The USAF F-4's did not have controls for the RIO's (now called WSO's), but the Navy/Marine F-4's did. The backseater in the Navy/Marine Phantoms had no way to fly the aircraft. The Air Force Phantoms could be flown from the rear seat. ... So, both seats in the USAF aircraft were and are commissioned officers. ("I found this online", and you can see for yourself how it contradicts itself.)    

Some enlisted did fly and some received field commissions as Warrant Officers.

Because again, I know of enlisted backseaters for RF-4B's. And yes the USMC VMCJ-1 had flight controls in the backseat, and some did not.  Just saying.

F-4 Enlisted Back-Seat (or the Guy Screaming in the Glove Box)

I served in the USMC 1967-1971 working as an Aviation Electricians Mate (AE) and worked the F-4B/J airframe. In VMFA-251 at MCAS Beaufort SC we had no enlisted back seaters in our F-4B's that I was aware of, and no rear cockpit flight controls. In VMFA-232 at MCAS Iwakuni, Japan I never saw enlisted backseaters (F-4J's) and no rear cockpit flight controls. But when I returned to the states I was assigned to VMFAT-201 at MCAS Cherry Point, North Carolina.

VMFAT-201 was a training squadron for young pilots out of flight school and others who were transistioning to the F-4. We had about twenty-four F-4J's (no rear cockpit controls) and four F-4C aircraft with fully flight-capable rear cockpits.

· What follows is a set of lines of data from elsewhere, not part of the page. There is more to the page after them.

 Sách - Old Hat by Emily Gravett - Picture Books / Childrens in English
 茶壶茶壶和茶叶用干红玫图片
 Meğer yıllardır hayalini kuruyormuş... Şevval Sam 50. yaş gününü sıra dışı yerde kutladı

The trainee pilots flew the rear seat in the F-4C when training to the F-4 and the experienced trainer pilot flew the front seat. When the trainee's skills were acceptable, the trainee then took the front cockpit in the F-4C and the trainer pilot took the rear cockpit, still capable of taking control of the aircraft if required. When the trainee became proficient he would begin flying the F-4J airframe with a RIO in the backseat.

At VMFAT-201 we had highly qualified and experienced enlisted backseaters who "rode" in either airframe for maintenance troubleshooting purposes when necessary. After I was discharged in 1971 VMFAT-201 furled her colors, and turned over all Marine F-4 pilot training to VMFAT-101 in California.

Enlisted Camera Operators

I was aircraft camera repair and maintenance and do not recall an enlisted cameraman ever.  However I do recall a field that went by the title of "combat camera".  They would do all types of combat documentation photography to include flying missions on varied aircraft. Your family friend may have been in this field  

I have included a link to their organization which may help : 


Michael Schofield
F-4 Enlisted Back-Seat (or the Guy Screaming in the Glove Box)

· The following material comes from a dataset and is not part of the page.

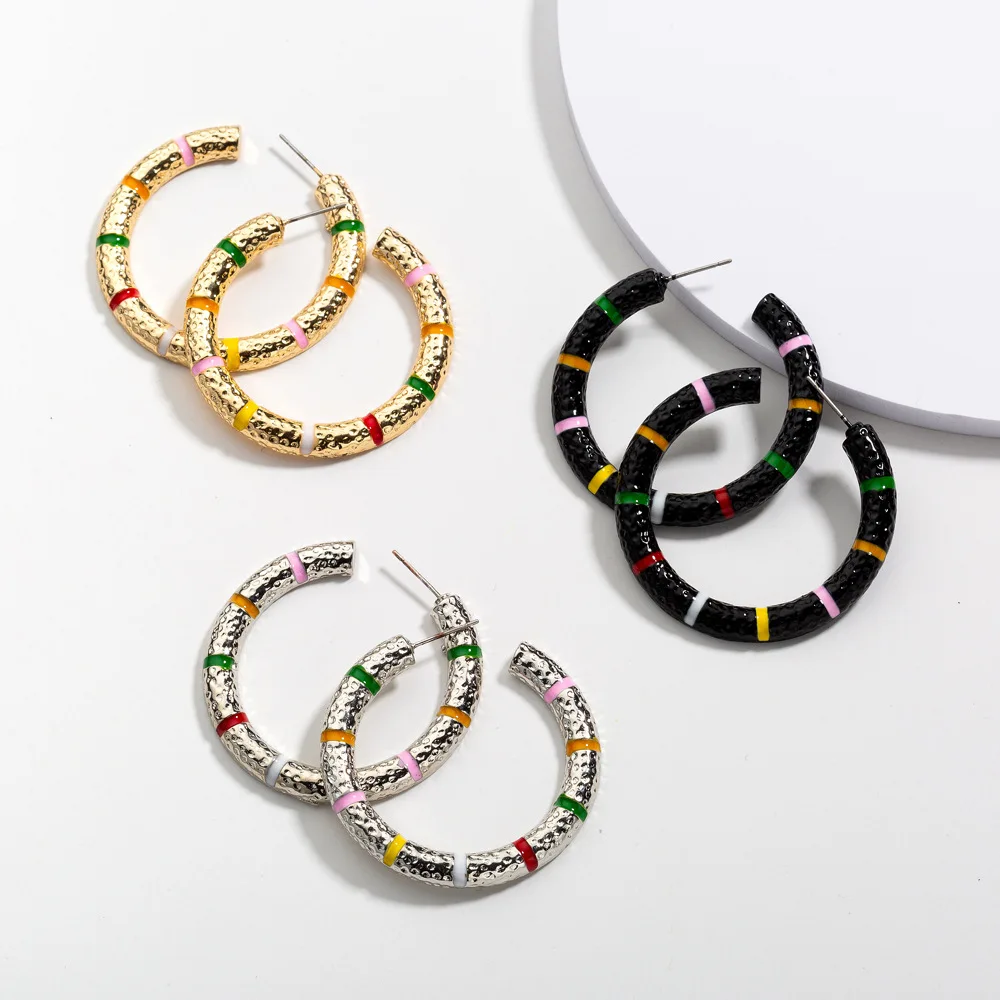 

8Seasons New Fashion Gold Color/Black Alloy Metal C-Shaped Hoop Earrings Women Punk Style Party Colorful Stripe Earring Jewelry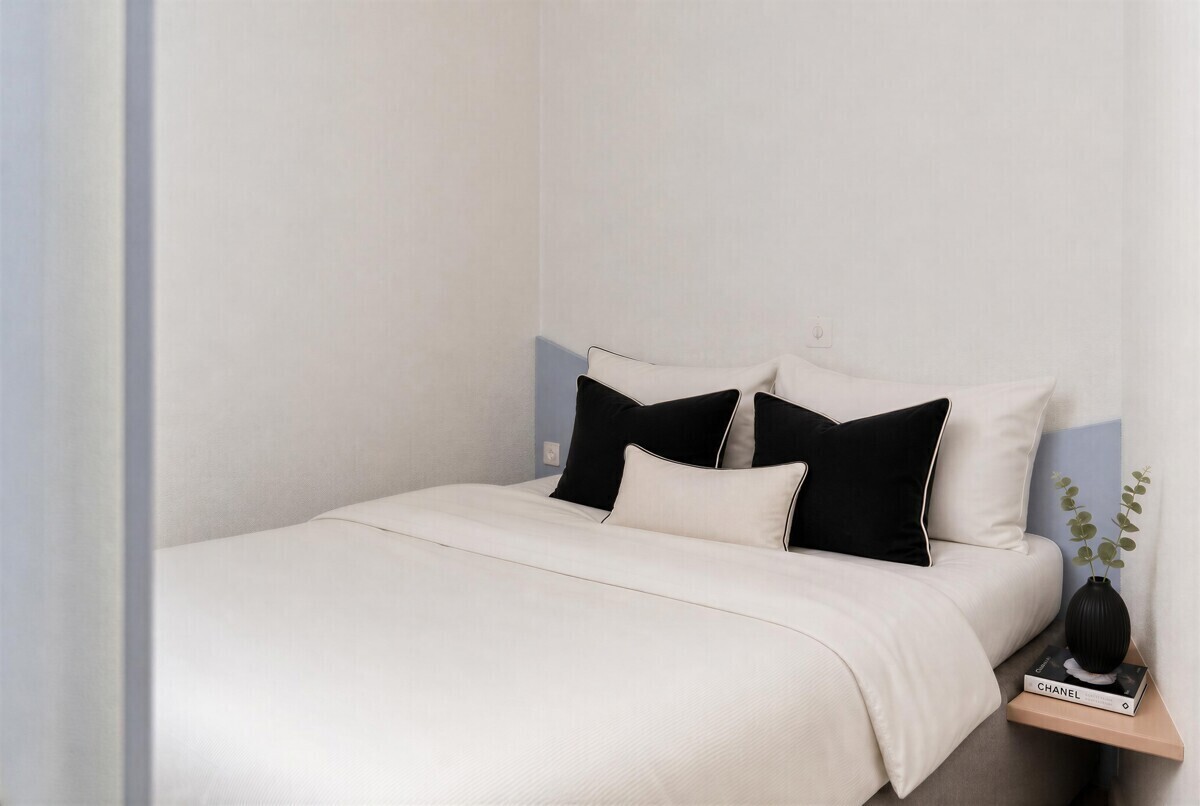 Schlichtes Schlafzimmer mit Doppelbett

I can tell you with the utmost certainty, there were many enlisted back-seaters as WSO's/RIO's. Case in point VMCJ-1, home base MCAS Iwakuni in the early '70s, very early seventies, there were several. I should know because VMFA-115 was next door on the ramp from them while at home base. We alternated with VMFA-232 "Red Devils". I have seen Gunny's and MSgt's, doing a job, and it was no joy ride. EF-10B's and RF-4B's (Linebacker II).

1968 change to be a USAF, USMC and USN backseater

I am very familiar with this era not only because is when ground troops began to be withdrawn from SEA. Those who had ranks and AFSC's that grew out of Navigator officer ranks were excluded from F-4's and only pilots were continued. I was working on a proposal for what became the T-43 "Flying classroom" at the time leading to my eventual civilian entry to class 70-1 at Navy "Top Gun." in December of 1969. Commander J.C. Smith was the commander at the time and he was an Radar Intercept Officer (RIO) at the time. Those trained at Mather AFB before 1968 went on to be Navigators, Radar Bombardier Navigators, and Electronic Warfare Officers which led to me also interviewing the training wings at Castle and Shaw. Now then, I had been to Nellis in 1966 and met with the F-100 and F-105 "Wild Weasels" which was a role taken up by the F-4G much later at George. At some later point the shool at Miramar made me aware of Warrant Officer's going through. There was one USMC crew in my 70-1 class and it's pilot was a Major. My study of the entire process was scuttled in 1968 and all copies of the document that summarized the data from the service schools was destroyed locally.